▶ [What needs to be done]: Return all of the data exactly as written, without the pictures.

━━ Provided material ━━

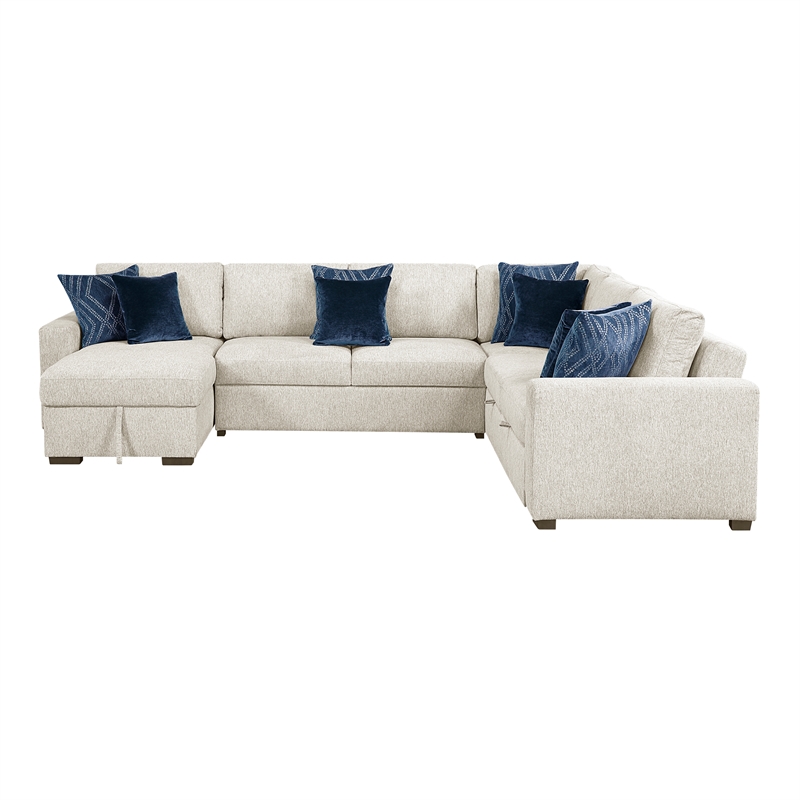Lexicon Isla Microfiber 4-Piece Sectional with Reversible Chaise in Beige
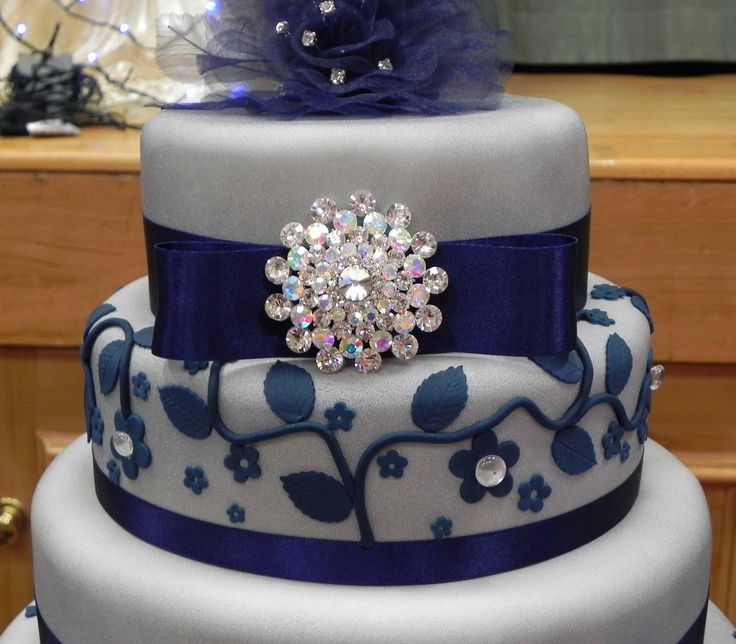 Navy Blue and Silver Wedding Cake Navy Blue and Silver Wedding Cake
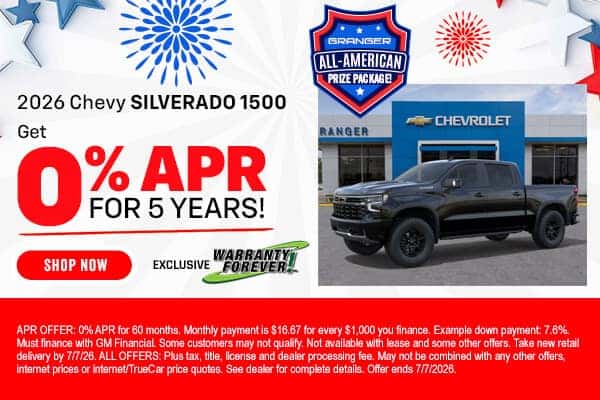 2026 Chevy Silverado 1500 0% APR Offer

━━━

▶ [Solved exercise]:
Lexicon Isla Microfiber 4-Piece Sectional with Reversible Chaise in Beige
 Navy Blue and Silver Wedding Cake Navy Blue and Silver Wedding Cake
 2026 Chevy Silverado 1500 0% APR Offer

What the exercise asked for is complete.